組込みソフトウェアの外部委託の市場は1980年代からあったわけだから、今ではかなり大きいと推測される。仕事の外部委託の仕方は二種類あって、一つは派遣労働者として受け入れる方法、もう一つは請負契約で仕事を発注する方法だ。組込みソフトの仕事の場合は派遣でも常用雇用型の方が多いと思う。メーカーのソフトウェアエンジニアもそうだが、それに輪を掛けて派遣や請負開発のソフトウェアエンジニアの技術力が評価されることは少ない。評価されないどころか、技術を磨いて開発効率や品質向上を達成すると、できた余裕に新たな仕事が突っ込まれる。派遣でも請負でも結局は働いた時間に対してしかサラリーが支払われない。これでは技術力が上がれば上がるほど、余裕が生まれる、クリエイティブな仕事ができるという状況が生まれない。そんなことでは、誰もソフトウェアエンジニアになりたいと思わなくなる。
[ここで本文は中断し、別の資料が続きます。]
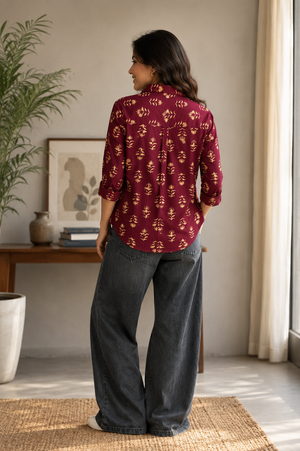 Inaya Cotton Printed Shirt — Relaxed Fit Full Sleeve Shirt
情報処理系の派遣労働者や受託開発会社に所属する技術者はもともとソフトウェアという専門技術を持った人ということだから、今マスコミで話題になっている人たちようにいきなり職を失うようなことは少ないと思うが、景気の影響を受けて仕事が少なくなるリスクは常に抱えていると思われる。

そうなると、そのリスクを少しでも減らすには自分の技術力を高めるしかない。適性に評価されるかどうかは別にして、厳しい状況の中で生き残っていくためには自分の能力が組織に貢献する根拠としてソフトウェア技術を身につけ、その技術がどのようにソフトウェア開発に役立つのかを説明できるようにしておく必要がある。組織に評価されようとされまいと、自分の身を守るため、新しい道を探すために、自分の能力をアピールしなければいけないときは必ず来る。競争相手は日本の中だけとは限らない。

自分の技術を高めるため、パーソナルなキャリアパスを考えるには、目標の設定と目標を達成するための自己投資が必要になる。これらを所属組織のシステムにゆだねるという方法もあるが、必ずしもエンジニアのキャリアパスを計画し、必要な技術を教育してくれる会社は多くないので、基本的には自分のキャリアパスは自分で設計しなければいけないと考えた方がよいだろう。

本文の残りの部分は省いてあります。